* **WHAT IS REQUIRED**:
Could you transcribe the entries below exactly, starting at the line that contains "Varios escolares de" and stopping at the last line, without any pictures?
━━━━━━━━
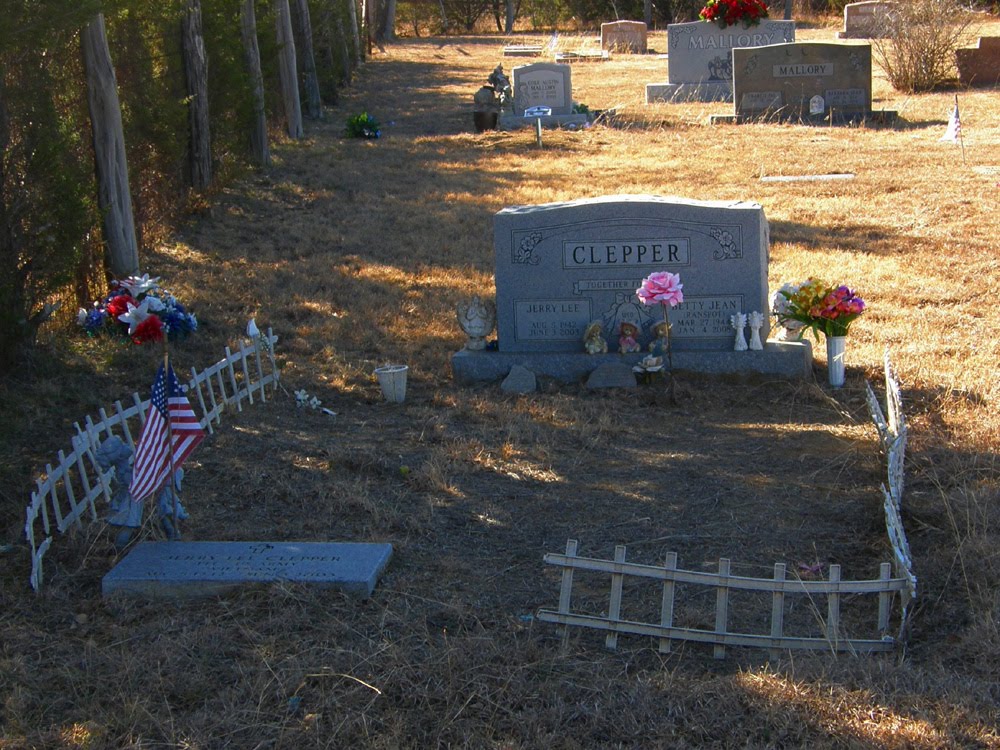 [P1010652+edtd+Clepper.jpg]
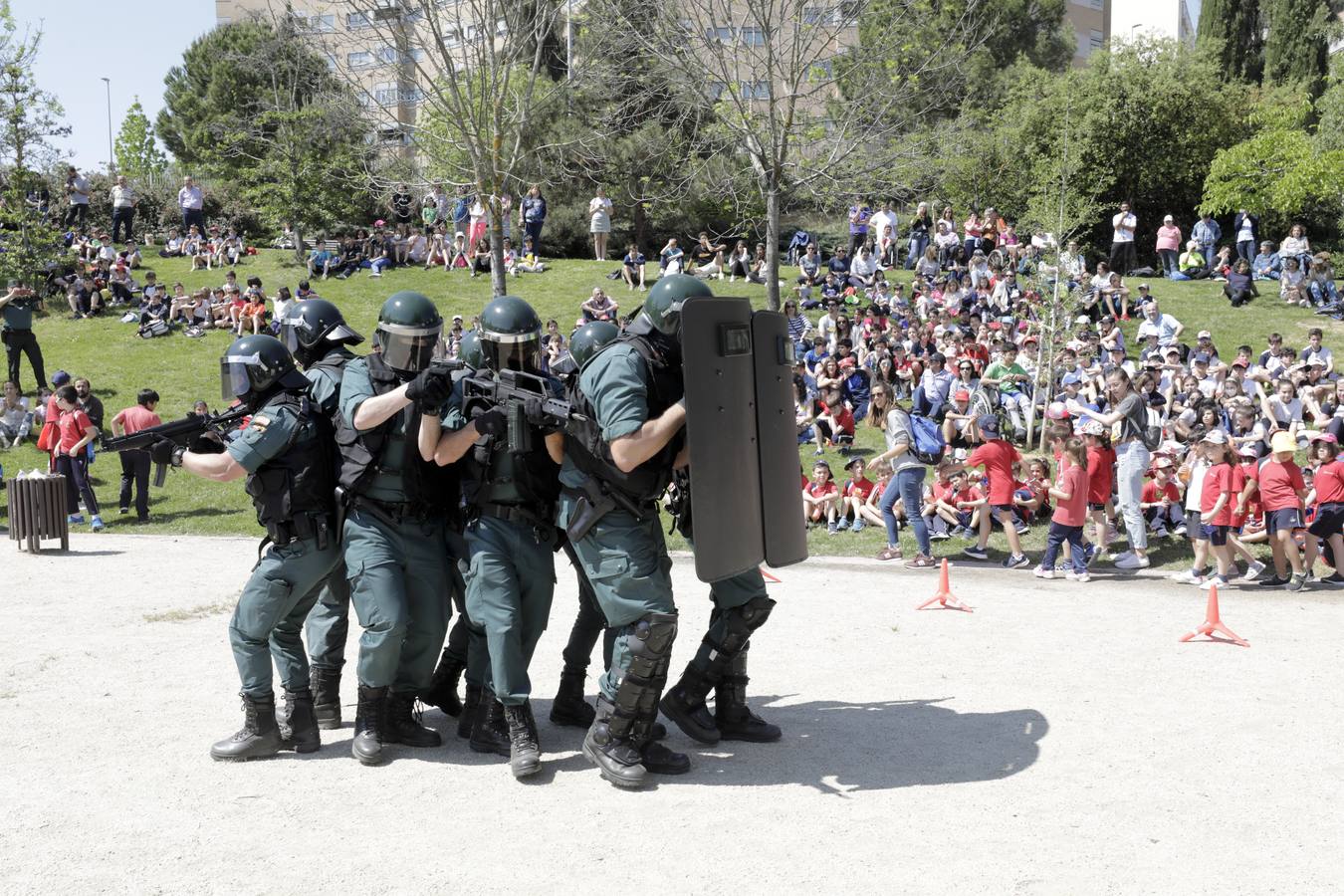 El parque del Rodeo fue el escenario de varias exhibiciones y una exposición de material realizadas ayer por la Guardia Civil de Cáceres con motivo de 175 aniversario de la fundación del cuerpo. Por la mañana acudieron más de un millar de alumnos de centros escolares de Cáceres, Navas del Madroño, Serradilla y Malpartida de Cáceres, y por la tarde las exhibiciones de las distintas unidades de la Guardia Civil estuvieron abiertas al público en general.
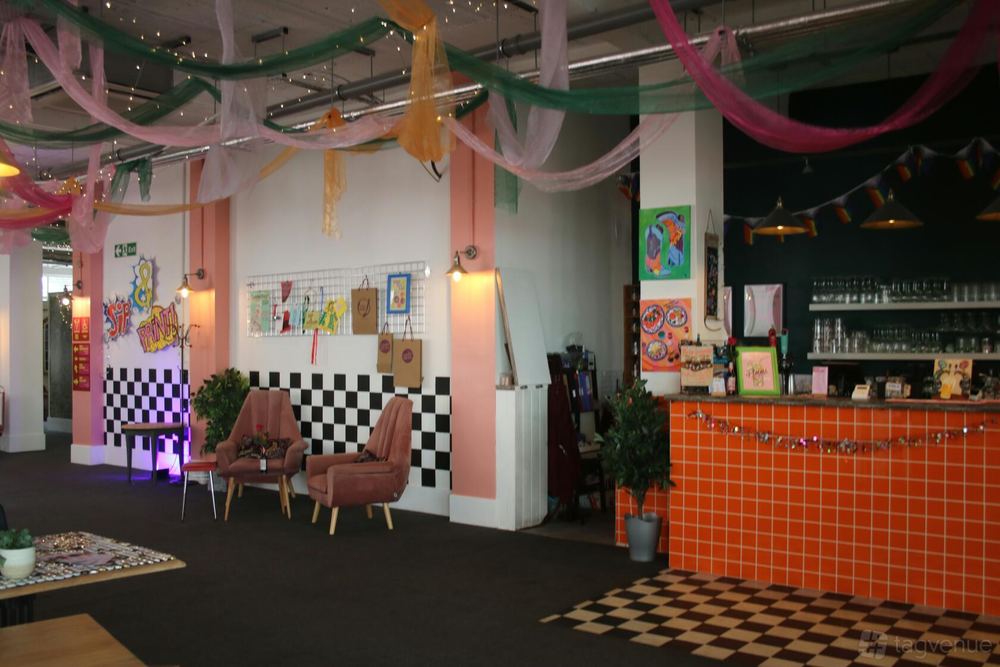 The London Art Bar – Main Space and Bar Area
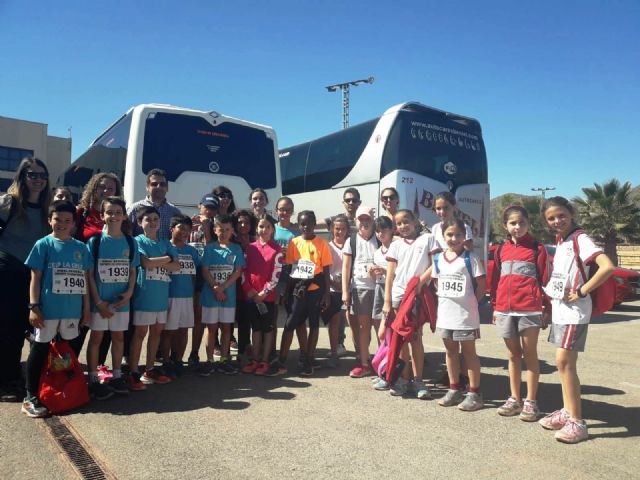 Varios escolares de Totana participan en la Final Regional de Campo a Través, en categorías alevín y benjamín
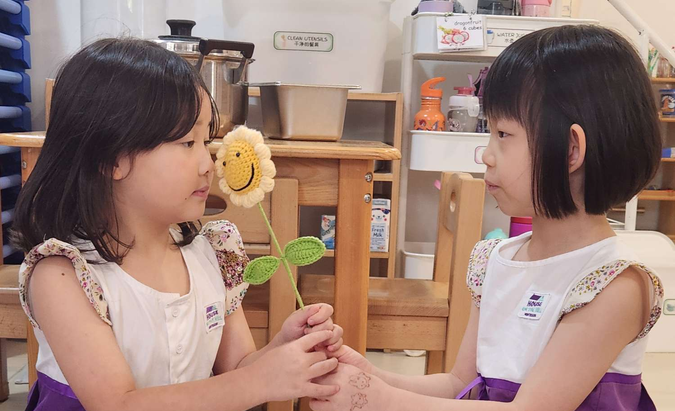 How to Foster Social Skills Through Mixed-Aged Classrooms — and Why It Matters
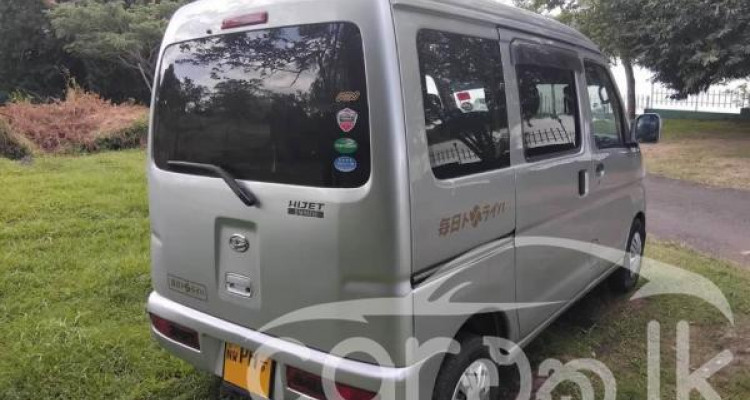 DAIHATSU HIJET 2016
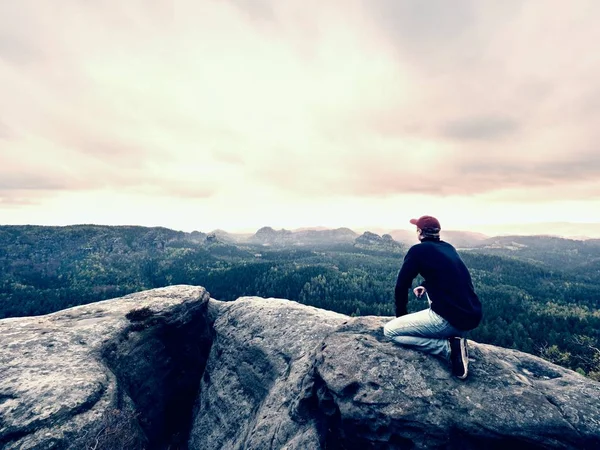 남자 관광 산의 정상에 앉아. 여행 산 장면입니다. 등산객을 산에 혼자 나머지 — 스톡 사진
━━━━━━━━
* **WRITTEN SOLUTION**:
 Varios escolares de Totana participan en la Final Regional de Campo a Través, en categorías alevín y benjamín
 How to Foster Social Skills Through Mixed-Aged Classrooms — and Why It Matters
 DAIHATSU HIJET 2016
 남자 관광 산의 정상에 앉아. 여행 산 장면입니다. 등산객을 산에 혼자 나머지 — 스톡 사진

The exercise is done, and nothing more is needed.